WORK INSTRUCTIONS:
Retype the lines below exactly, from the one that contains "We LANDED A" through the last, and leave every picture out.
*** COLLECTED MATERIAL Section Begins ***
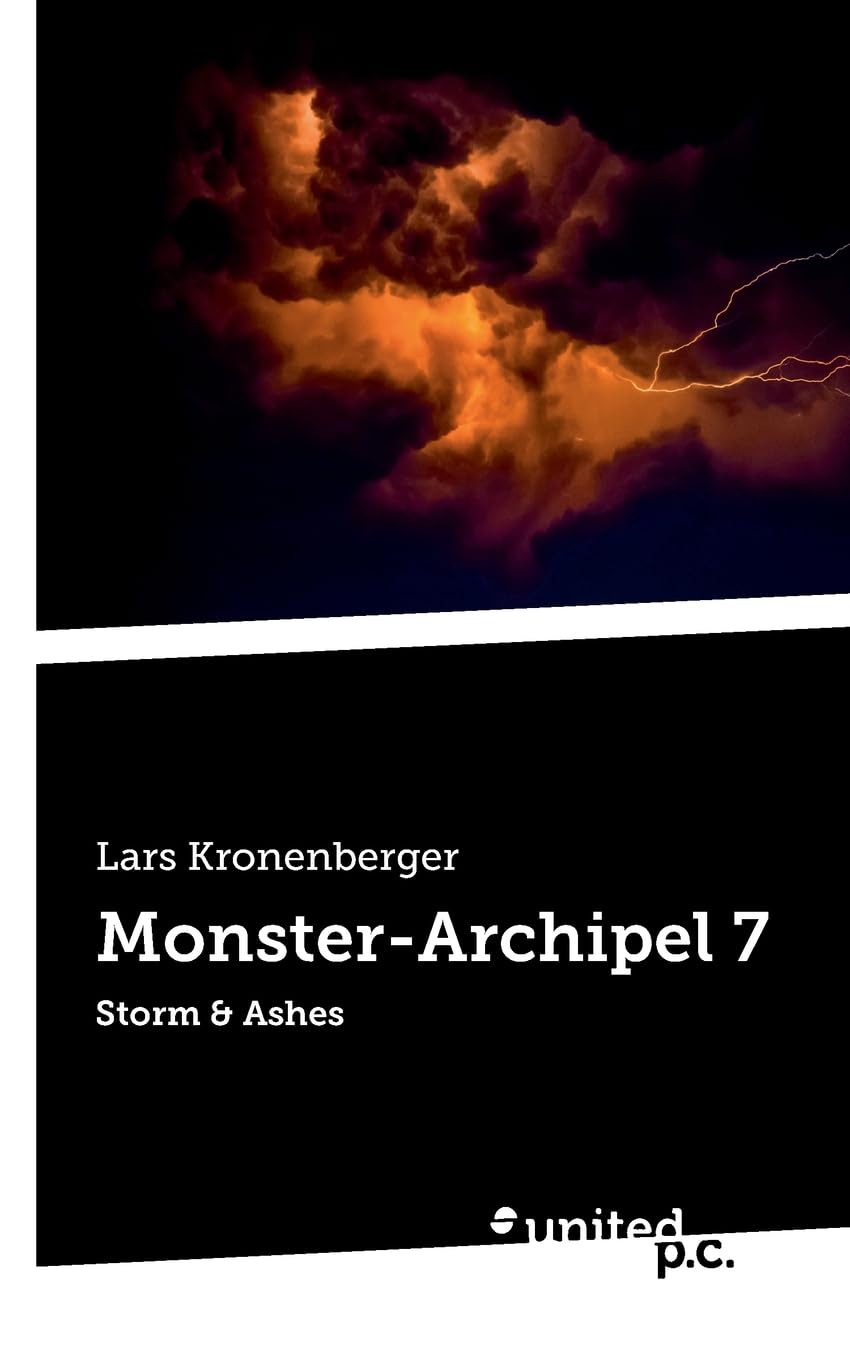 Monster-Archipel 7: Storm & Ashes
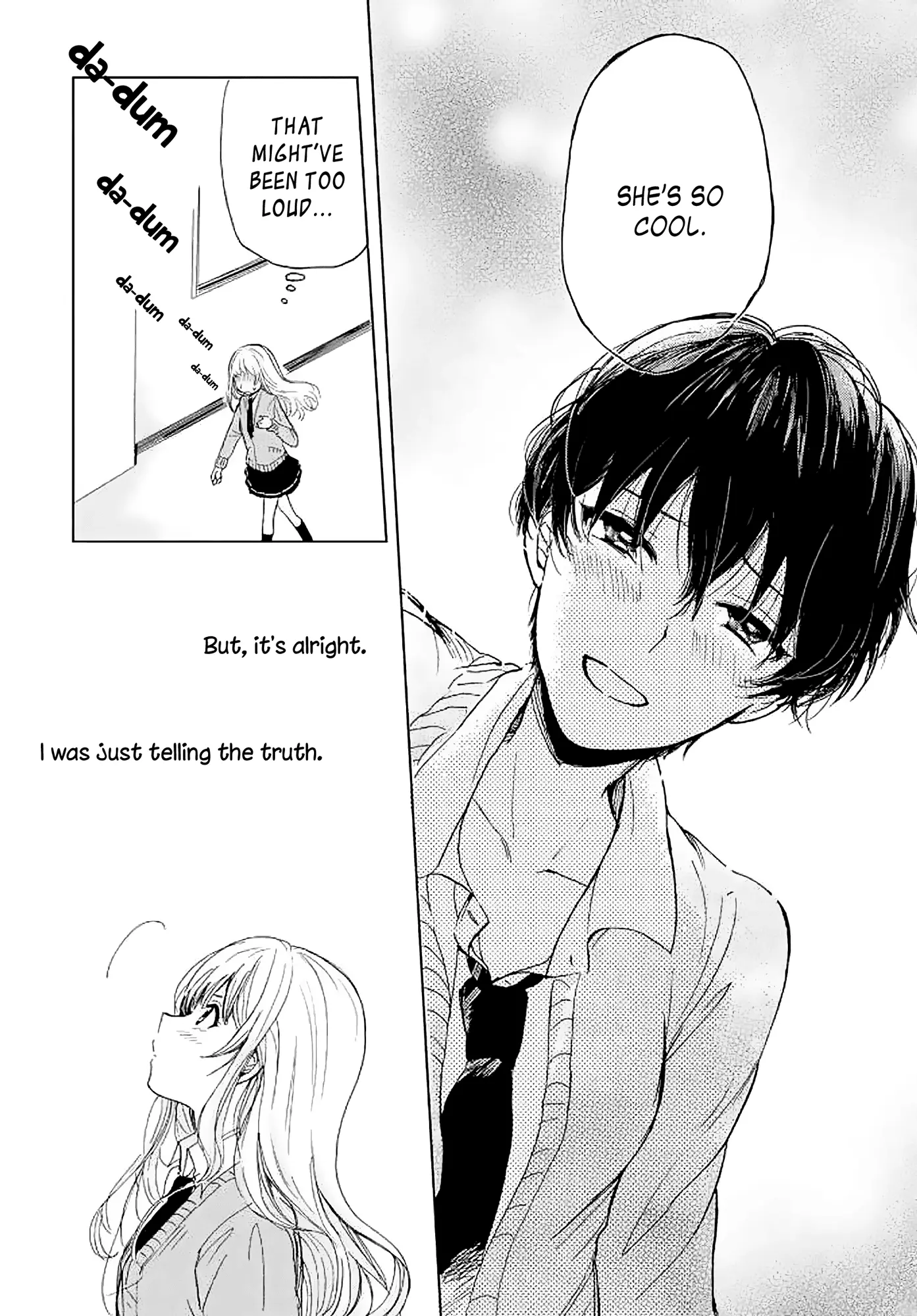 Kimi No Tame Ni Sekai Wa Aru - Vol.1 Chapter 4: Secret Closet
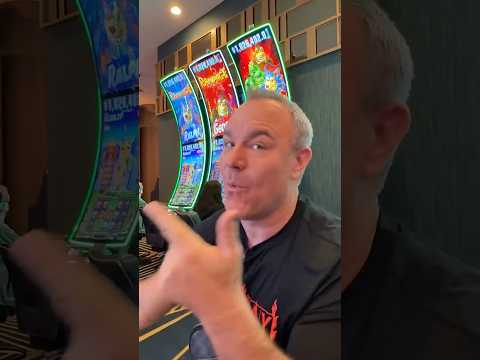 We LANDED A Big One!!! .. #casino #gambling #slots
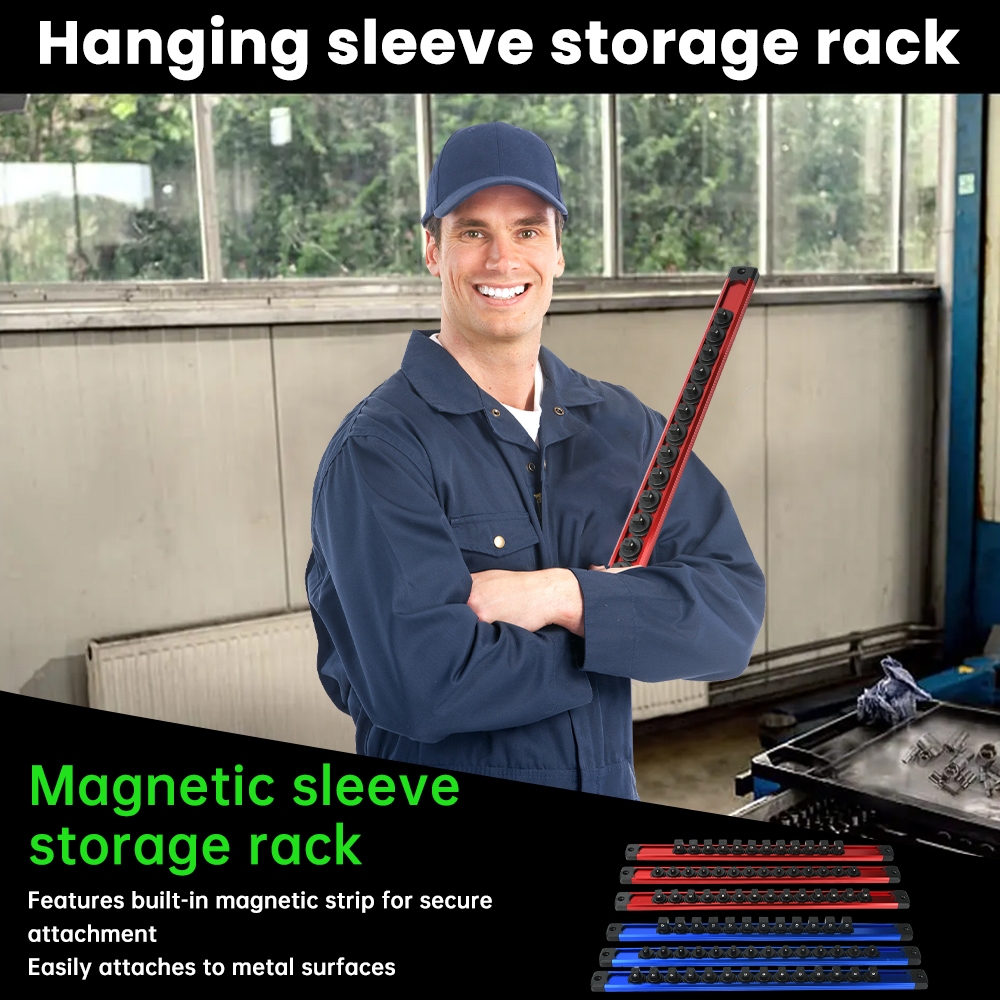 360° Swivel Magnetic Socket Ho - Heavy Equipment Storage 리뷰 및 가격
*** COLLECTED MATERIAL Section Ends ***
RESULT OF THE TASK:
 We LANDED A Big One!!! .. #casino #gambling #slots
 360° Swivel Magnetic Socket Ho - Heavy Equipment Storage 리뷰 및 가격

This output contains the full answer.